Linda My Huynh, Robert terHorst, Samson Yan & Taylor Lapierre-Grignon

Metamorphic cabin encapsulates the necessities of everyday living in a natural and self- sustaining system by which the components tailor to the users’ needs. It works with the idea that space is limited, and energy and resources are scarce. By embracing these limitations, our team’s design concept focuses on the incorporation of natural systems and developing a versatile, tiny home that will lend itself to ever-changing forms of a living environment that not only causes minimal affect to nature but exists in harmony with it.
Our team’s design concept is based on analyzing and further detailing 5 essential components below:
1) Location
2) Spaces
3) Heating & Cooling
4) Water: potable, grey, black and heating
5) Energy / Miscellaneous Systems

1) Location:
The selected site is located in Killarney, Ontario in Canada. This location is in the Northern Hemisphere at +/- 45° Latitude within a Boreal Forest on the Canadian Shield. Several natural elements are found in the surroundings of the site bringing an abundance of freshwater lakes and forests in addition to adequate rainfall to support a growing season with long daylight periods.

2) Spaces
As with the name, Metamorphic Cabin has the ability to transform or “morph” the spaces depending on the users’ needs. This transformation comes in the form of Horizontal and Vertical transitions.
Design features that enable a flexibility in space usage include the following:
o Moving ceiling to change the volume of the space.
 Create a large volume on hot days to dissipate heat
 Create a smaller volume on cold days to conserve heat
 (see Section 3 on “Heating and Cooling”)
o Furniture:
 Murphy bed folds up into slide-away cabinet/wall unit
 Floor panel raises to become a table
 Closet unit can move vertically (between high ceiling, and crawlspace) to increase storage spaces in same volume to take advantage of space below and above the floor

o Door swings to define space:
 Door swing and panel re-defines toilet area to be a wet shower space
 Sliding panel in the moving murphy bed unit defines the bedroom space and links the washroom so it becomes an “ensuite” to the bedroom.

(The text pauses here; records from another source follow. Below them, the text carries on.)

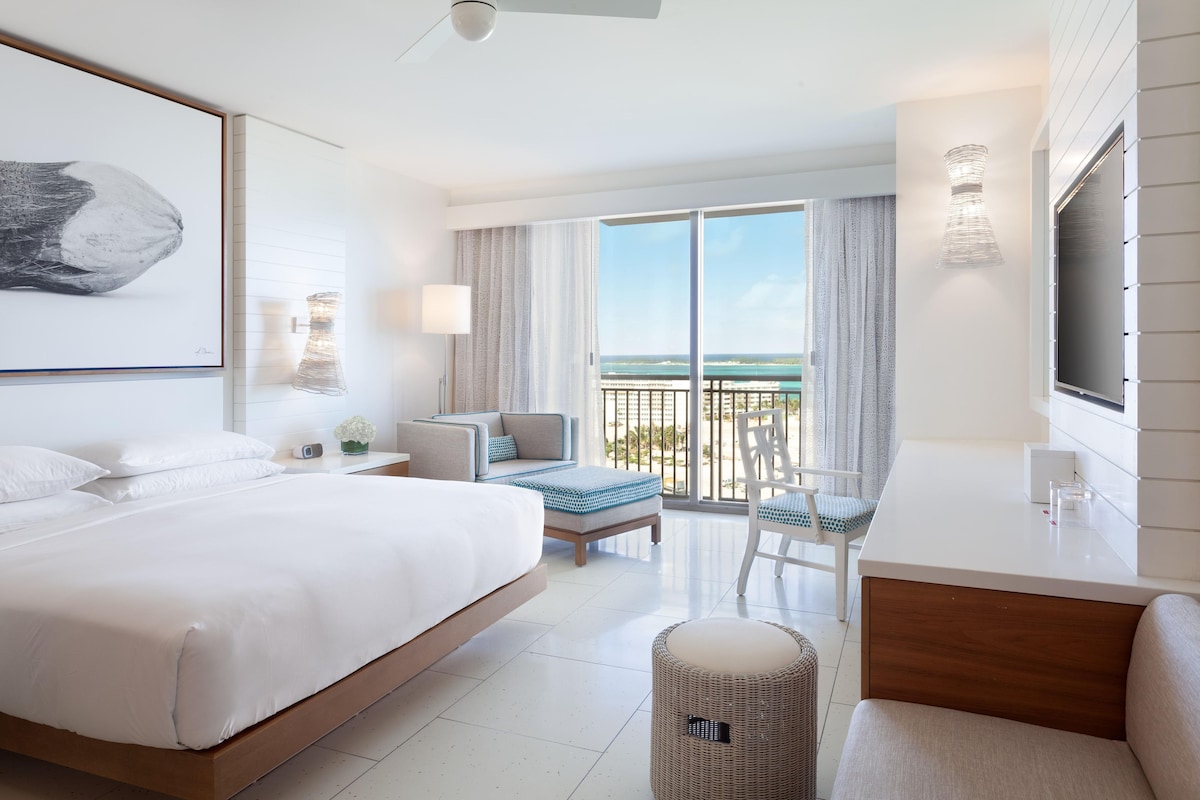A hotel room with a bed, a desk, a chair, a small table, a waste basket, and a large window with a view.
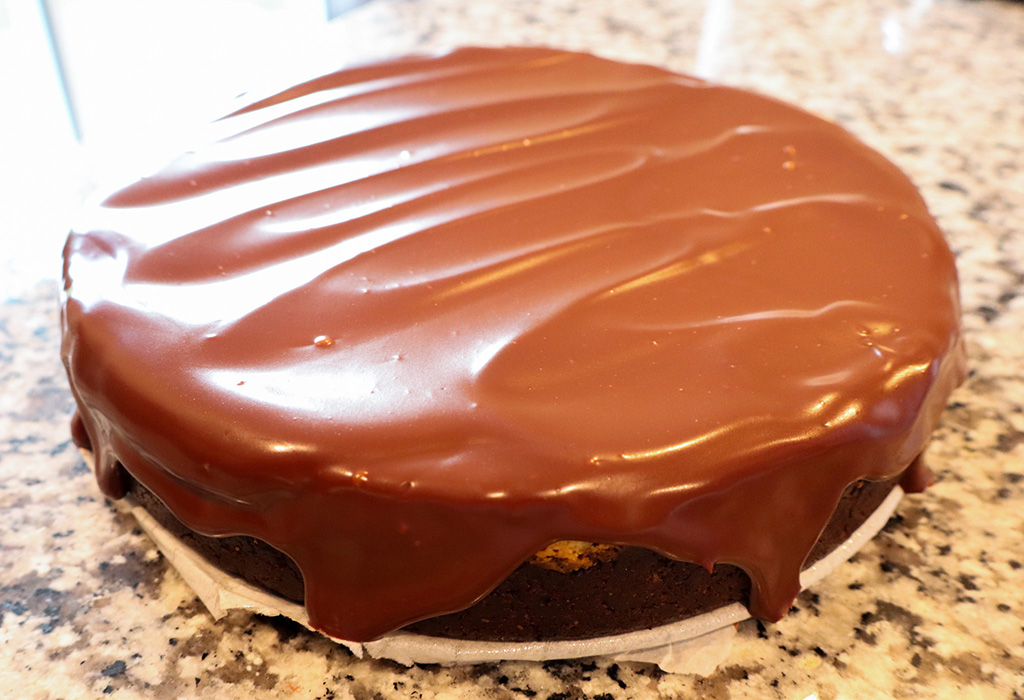 cheesecake topped with dark chocolate ganache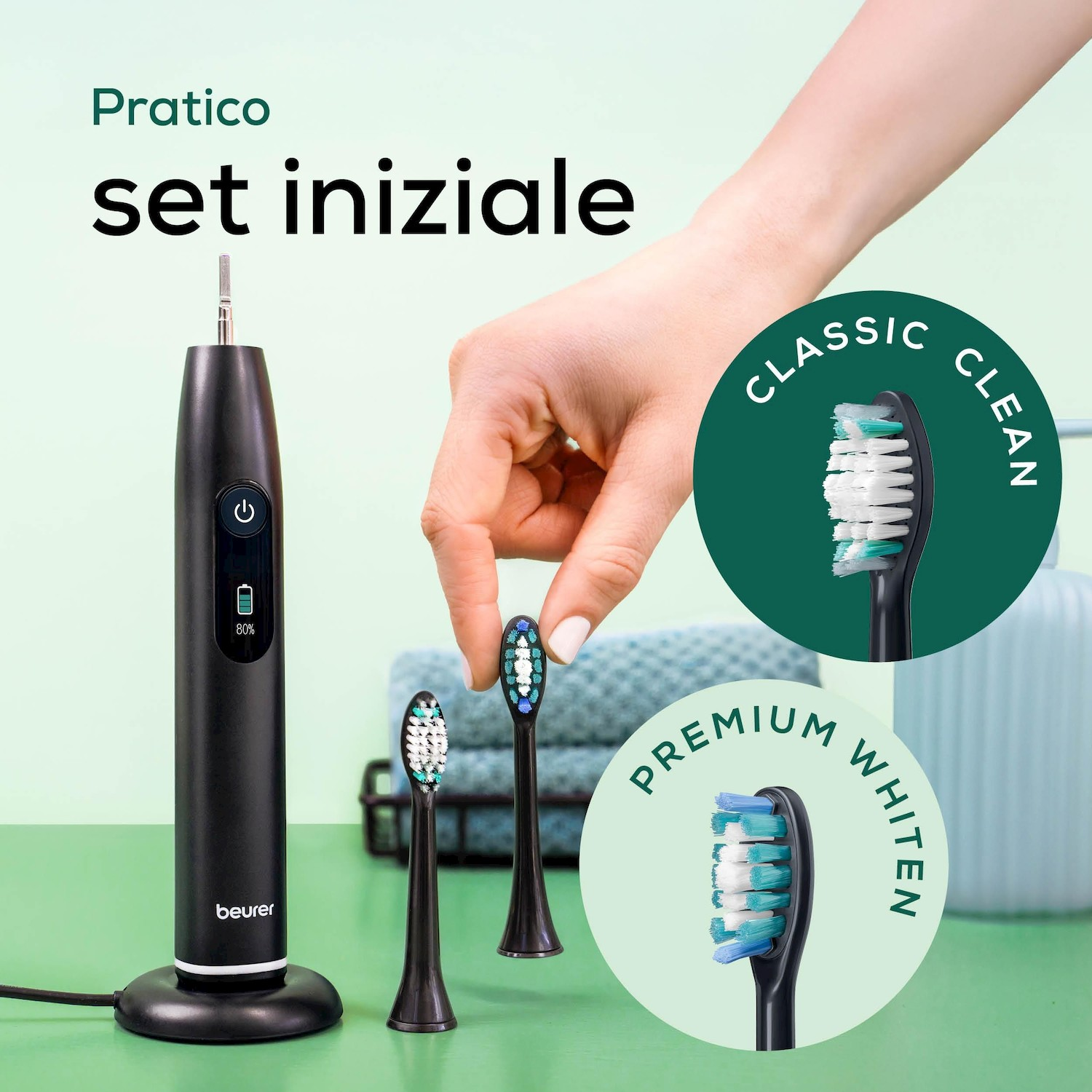 Spazzolino elettrico nero con base di ricarica e tre testine, una mano ne tiene una.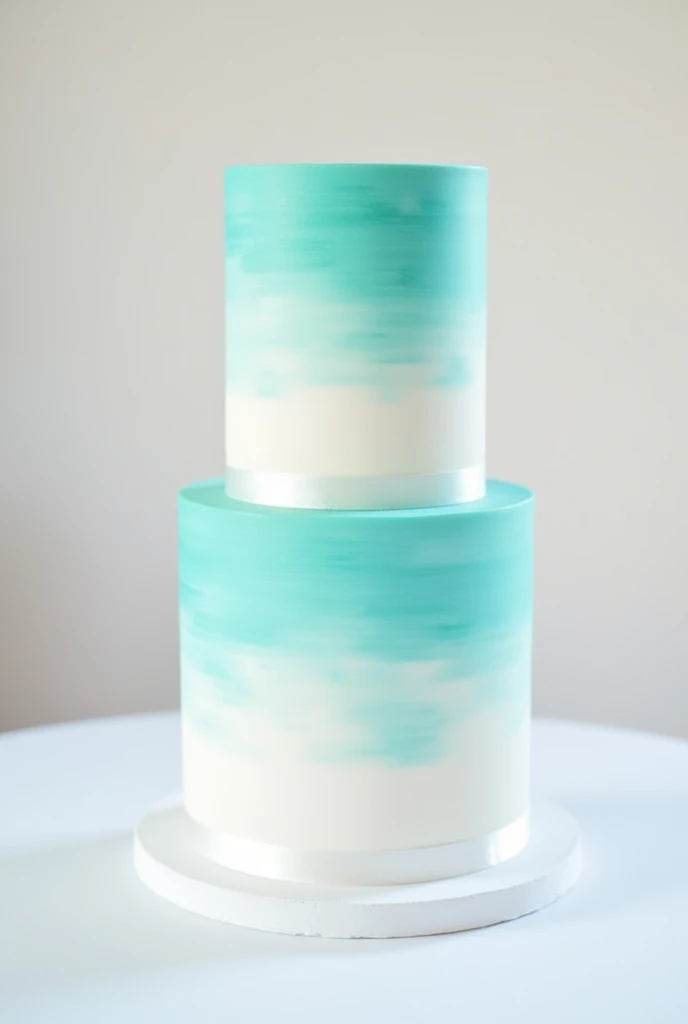 white 2-tier cake brushed with turquoise color on the bases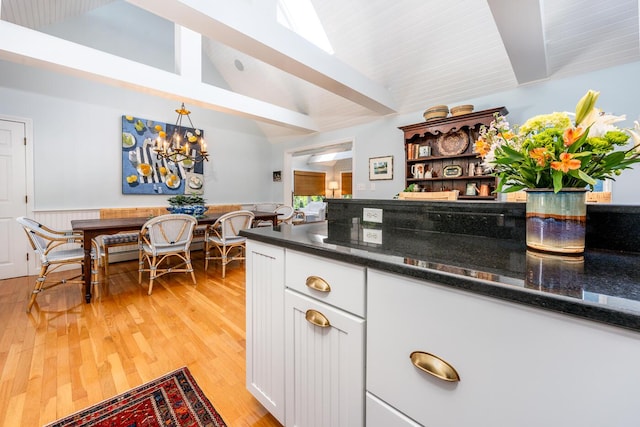 kitchen with white cabinetry, light wood-type flooring, dark stone countertops, vaulted ceiling with beams, and pendant lighting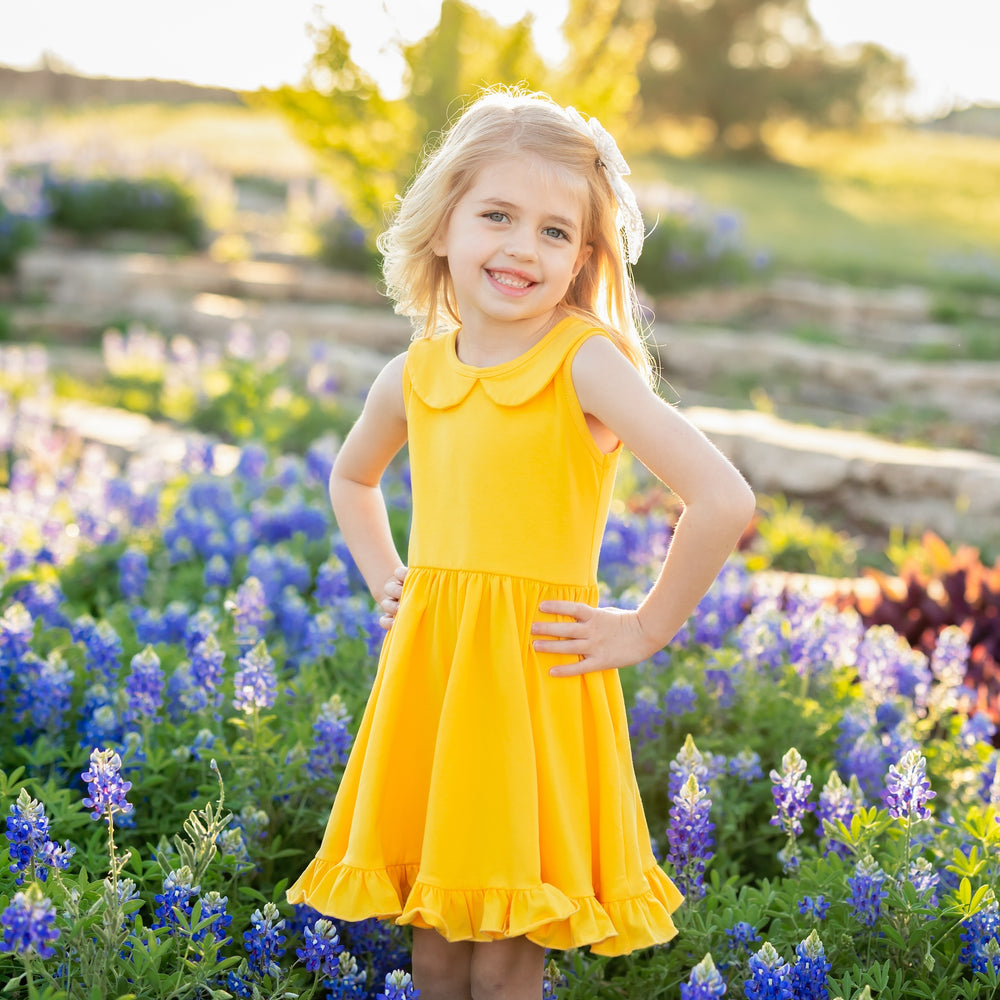 little girl standing in flowers wearing bright yellow sleeveless summer dress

Shower – Adjustable panels

3) Heating & Cooling
With a range of climactic changes in Canada, our team felt it was important to develop a design that maximizes the seasonal components and integrate them into systems to heat and cool the home.
Following the theme of horizontal transitional components, the exterior shading and insulating panels also slide left and right to bring in natural light and ventilation during the day and slide again to maintain heat at night.
The home is also embedded into the landscape so that the constant ground temperature offsets the large fluctuations in air temperature to help with maintaining a more consistent interior environment. The winters can bring very cold air whereas the summers can bring very hot air, yet, the ground temperature remains relatively consistent.
Our team has also looked at the transformation of the tiny home as it adapts to seasonal changes.
Summer: “Keeping Cool” (Heat Dissipation)
• A Large Volume Tall Space:
o Heat rises and is released through vents at the top of the high ceiling
o Home is located in an area and oriented to take advantage of prevailing winds
• Passive solar:
o Deciduous trees located in front of large south facing windows to shade any solar heat gain
• Natural Ventilation by placing home to take advantage of pre-vailing winds
• Pull heat out of space – create a natural Venturi Effect. (high pressure vs low pressure)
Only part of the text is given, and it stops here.